**DESCRIPTION OF THE TASK**
Leaving pictures aside, set down each line exactly, from the first line of the data to the line with "Slide: The Image", both included.

GIVEN ENTRIES Start Marker

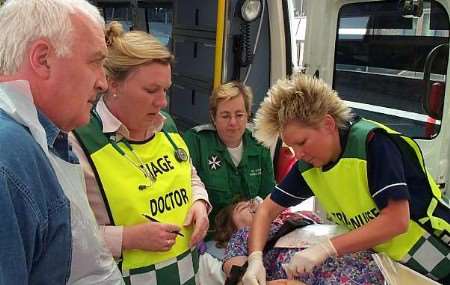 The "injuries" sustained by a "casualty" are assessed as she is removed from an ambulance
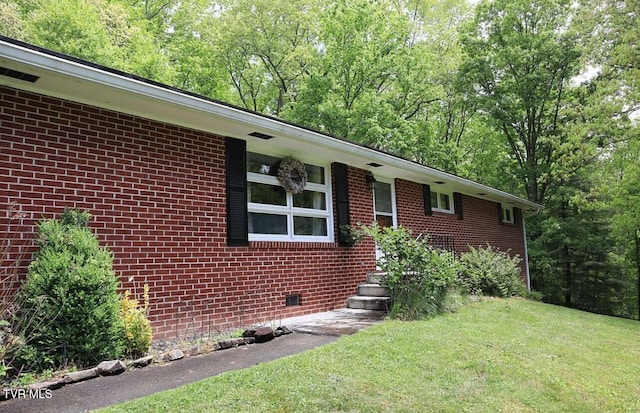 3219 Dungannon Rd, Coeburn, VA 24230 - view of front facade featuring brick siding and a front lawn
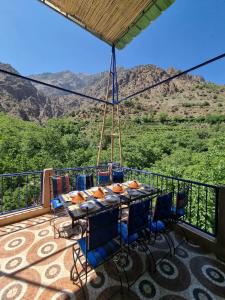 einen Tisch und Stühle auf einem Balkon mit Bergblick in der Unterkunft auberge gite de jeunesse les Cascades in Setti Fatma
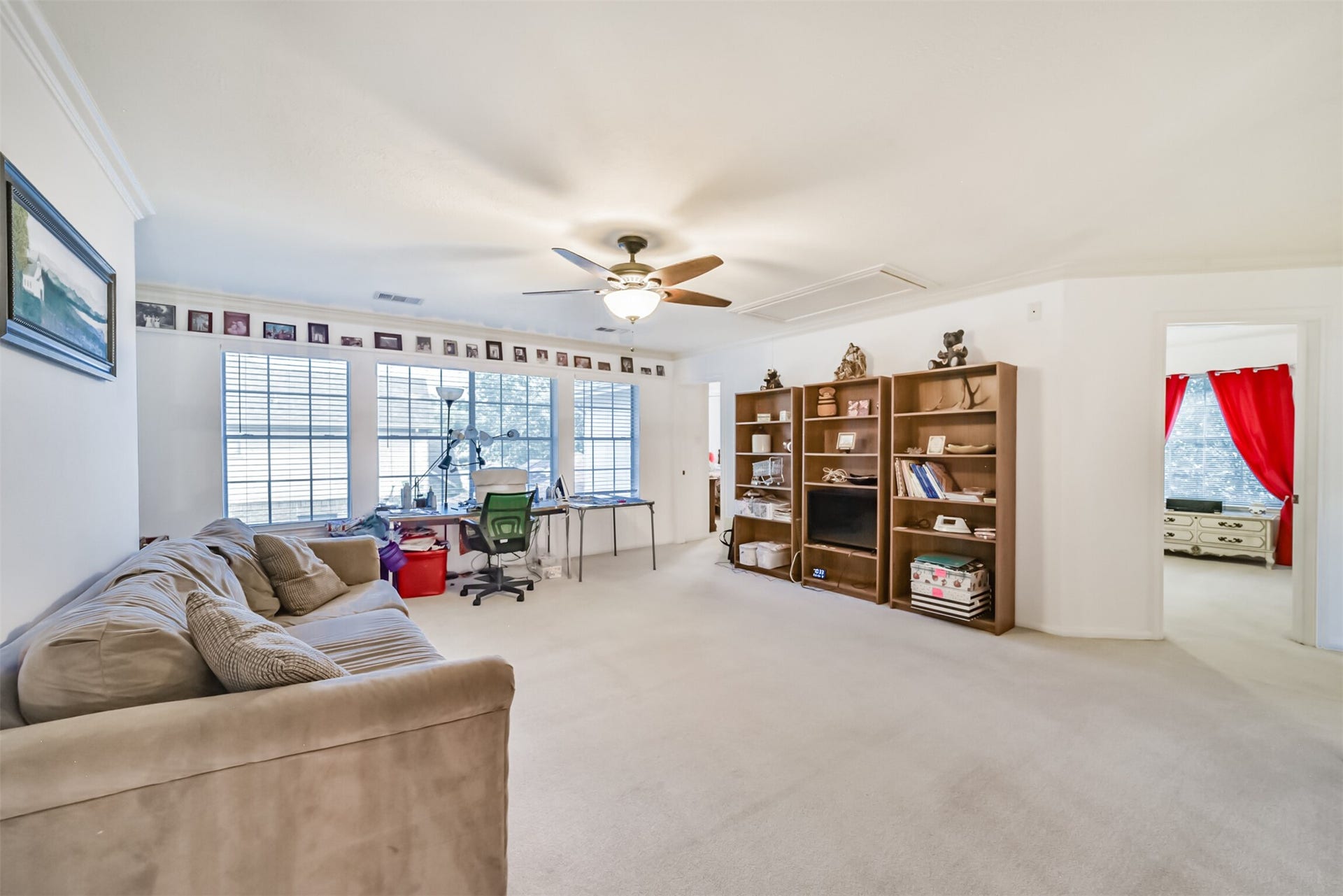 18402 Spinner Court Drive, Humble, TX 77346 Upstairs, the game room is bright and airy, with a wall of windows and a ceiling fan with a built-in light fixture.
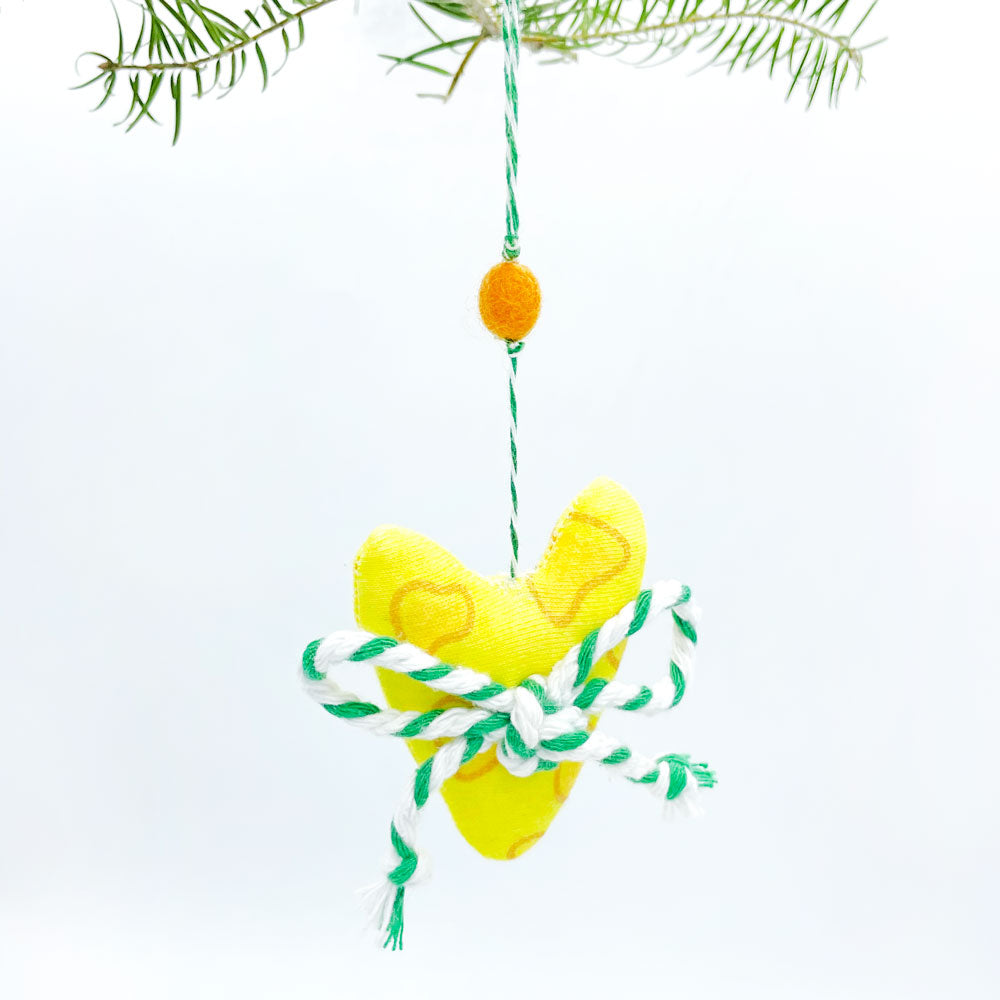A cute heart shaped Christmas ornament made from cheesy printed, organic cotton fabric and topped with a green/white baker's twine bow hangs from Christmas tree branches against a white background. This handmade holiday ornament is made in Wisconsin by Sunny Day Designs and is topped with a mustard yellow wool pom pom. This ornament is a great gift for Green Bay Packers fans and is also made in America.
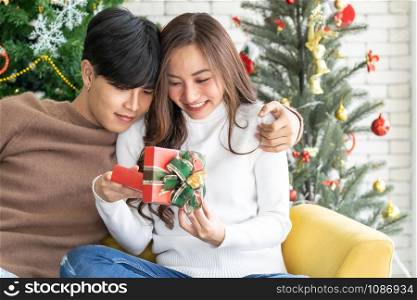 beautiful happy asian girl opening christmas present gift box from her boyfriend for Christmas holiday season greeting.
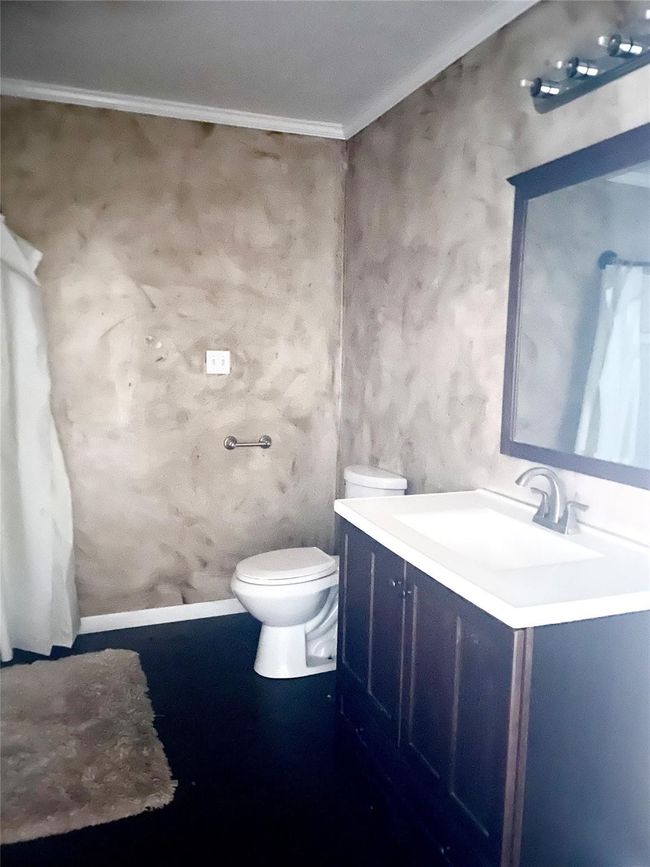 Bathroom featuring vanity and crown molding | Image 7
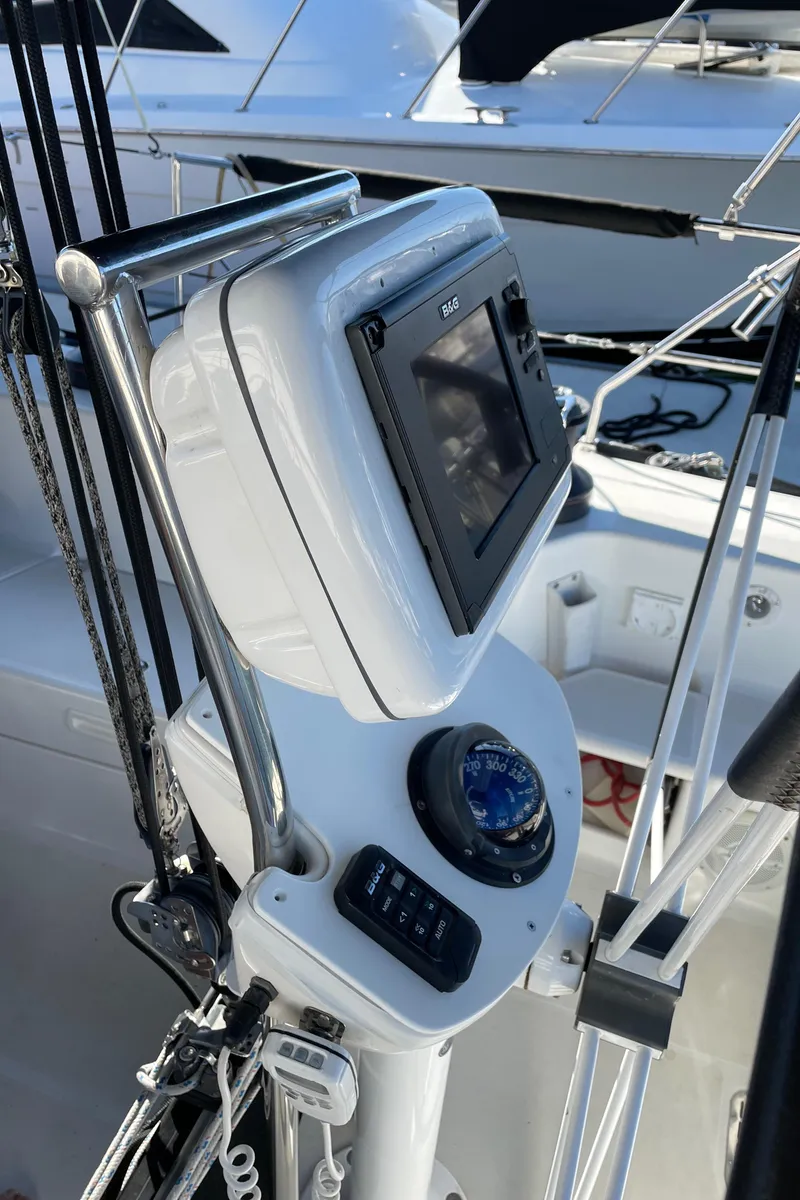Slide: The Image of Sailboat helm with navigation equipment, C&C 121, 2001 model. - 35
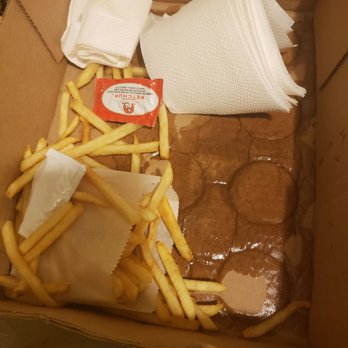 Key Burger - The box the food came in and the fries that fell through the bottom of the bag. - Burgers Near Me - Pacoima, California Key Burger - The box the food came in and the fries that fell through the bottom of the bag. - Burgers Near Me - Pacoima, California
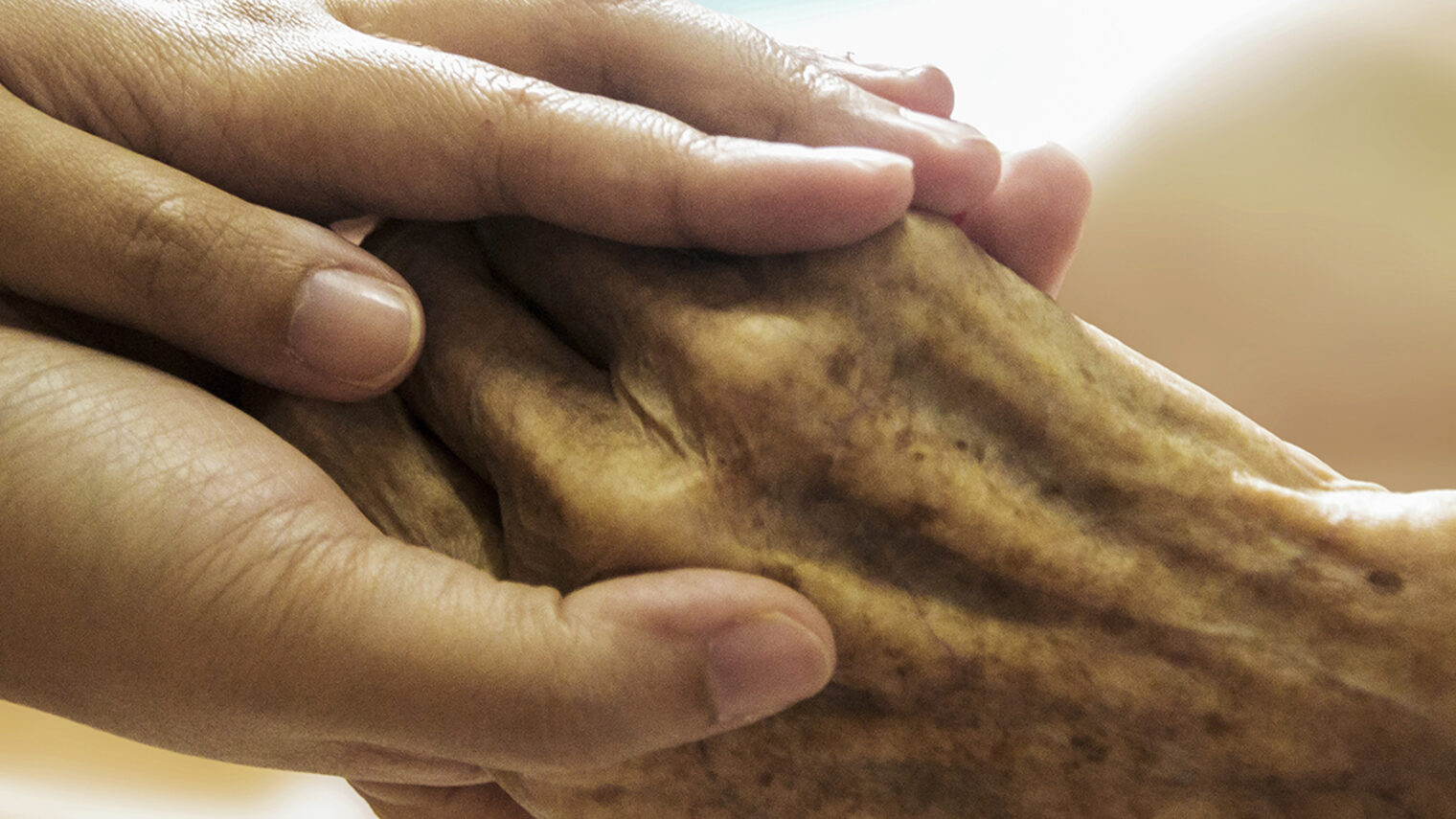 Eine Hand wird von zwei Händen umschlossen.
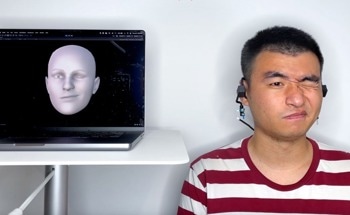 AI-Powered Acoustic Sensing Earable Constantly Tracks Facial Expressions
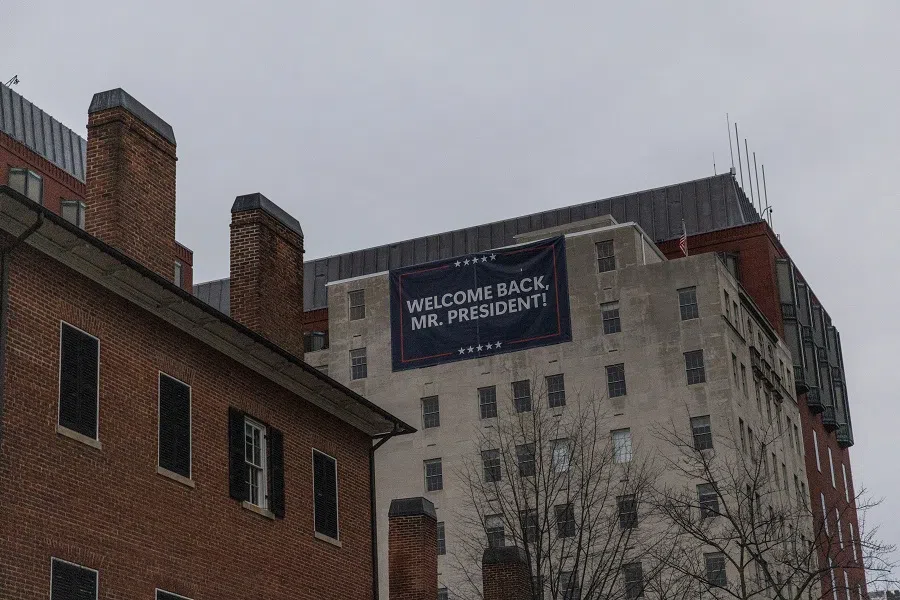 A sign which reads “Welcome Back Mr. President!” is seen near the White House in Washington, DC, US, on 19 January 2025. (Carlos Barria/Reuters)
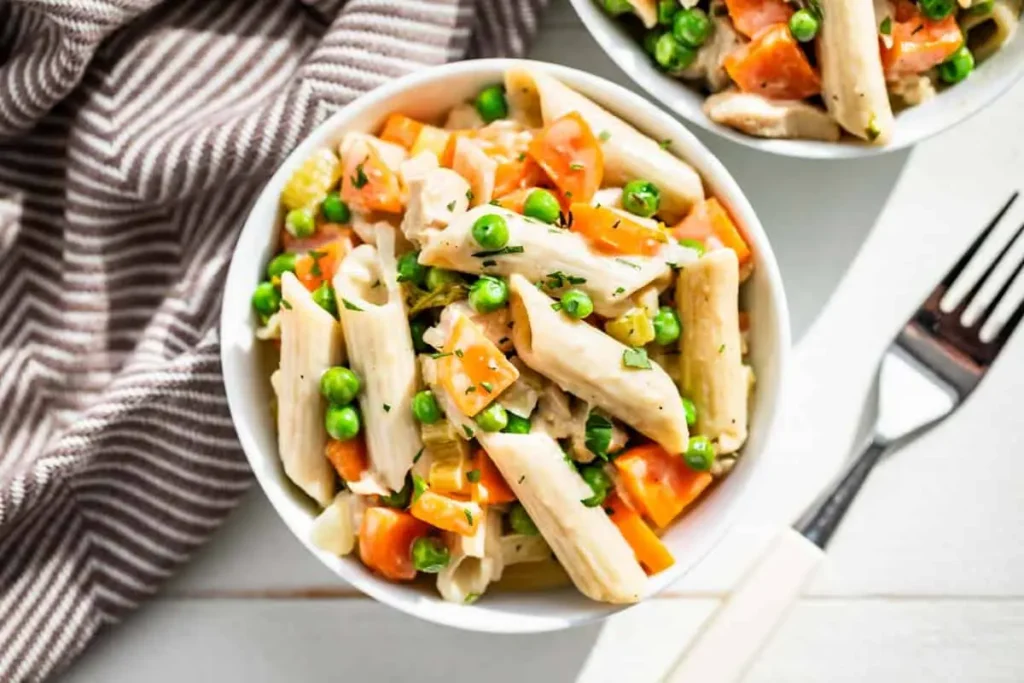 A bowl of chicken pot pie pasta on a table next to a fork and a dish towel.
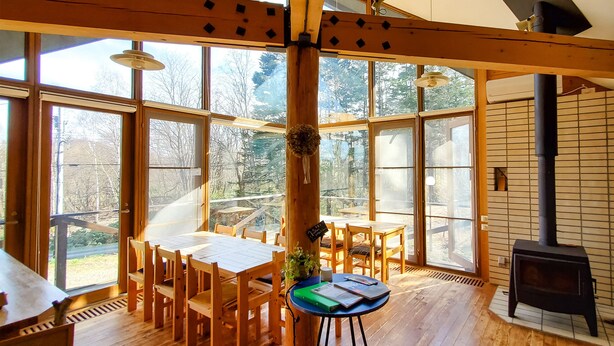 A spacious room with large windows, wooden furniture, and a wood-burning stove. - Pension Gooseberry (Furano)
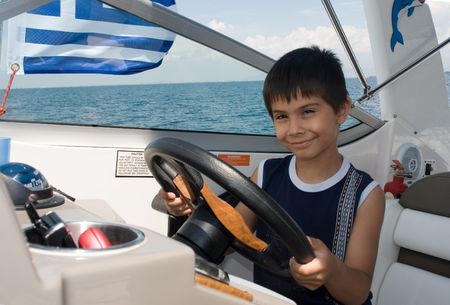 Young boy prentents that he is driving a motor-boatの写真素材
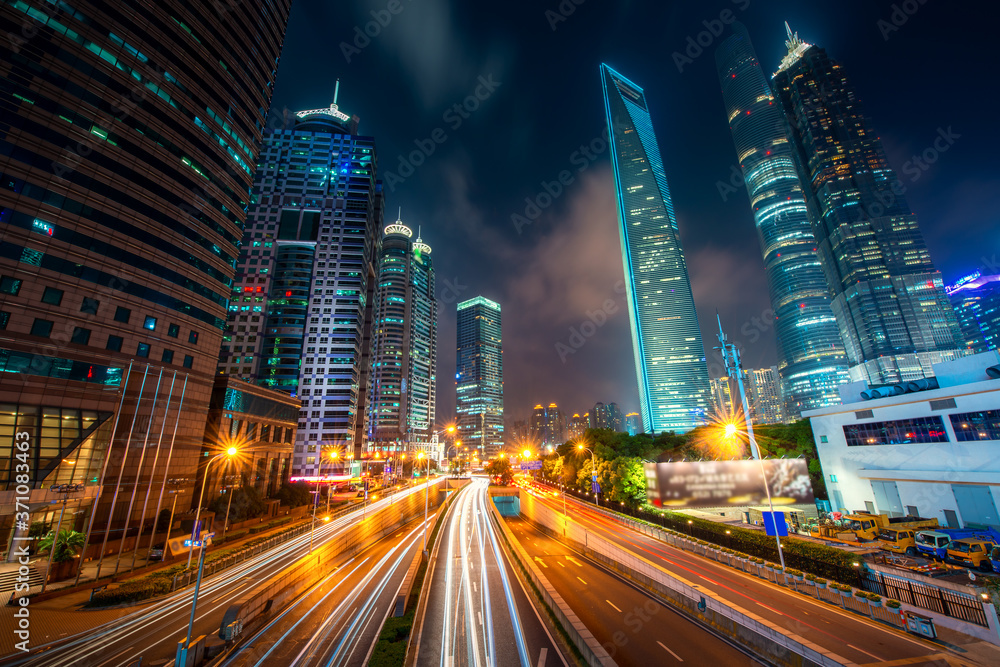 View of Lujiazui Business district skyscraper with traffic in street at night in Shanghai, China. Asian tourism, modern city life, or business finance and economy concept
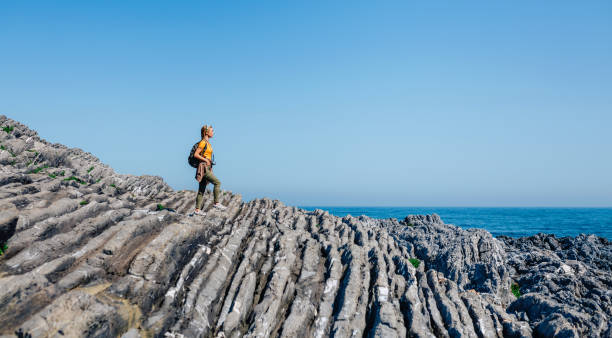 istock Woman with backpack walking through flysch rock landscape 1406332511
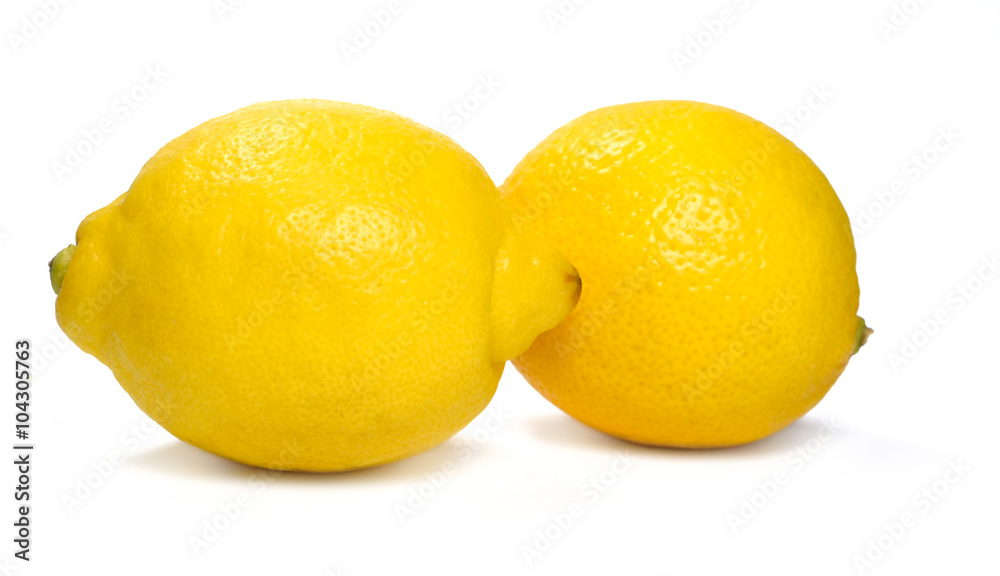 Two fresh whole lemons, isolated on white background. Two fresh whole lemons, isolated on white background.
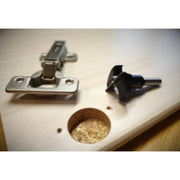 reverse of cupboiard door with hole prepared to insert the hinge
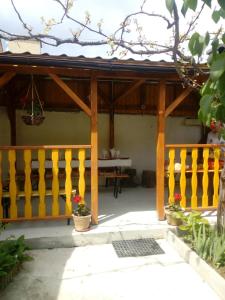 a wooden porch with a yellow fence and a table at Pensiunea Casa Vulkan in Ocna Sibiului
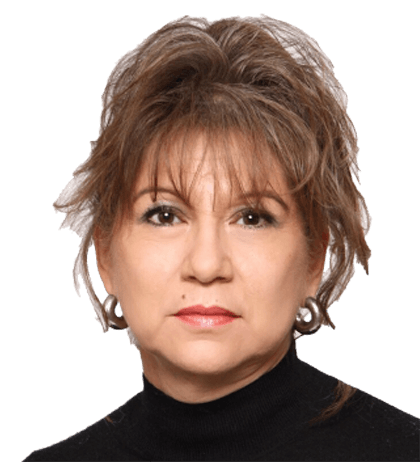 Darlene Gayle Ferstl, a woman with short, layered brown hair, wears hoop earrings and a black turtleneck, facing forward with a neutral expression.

GIVEN ENTRIES End Marker

**ANSWER**
 The "injuries" sustained by a "casualty" are assessed as she is removed from an ambulance
 3219 Dungannon Rd, Coeburn, VA 24230 - view of front facade featuring brick siding and a front lawn
 einen Tisch und Stühle auf einem Balkon mit Bergblick in der Unterkunft auberge gite de jeunesse les Cascades in Setti Fatma
 18402 Spinner Court Drive, Humble, TX 77346 Upstairs, the game room is bright and airy, with a wall of windows and a ceiling fan with a built-in light fixture.
A cute heart shaped Christmas ornament made from cheesy printed, organic cotton fabric and topped with a green/white baker's twine bow hangs from Christmas tree branches against a white background. This handmade holiday ornament is made in Wisconsin by Sunny Day Designs and is topped with a mustard yellow wool pom pom. This ornament is a great gift for Green Bay Packers fans and is also made in America.
 beautiful happy asian girl opening christmas present gift box from her boyfriend for Christmas holiday season greeting.
 Bathroom featuring vanity and crown molding | Image 7
Slide: The Image of Sailboat helm with navigation equipment, C&C 121, 2001 model. - 35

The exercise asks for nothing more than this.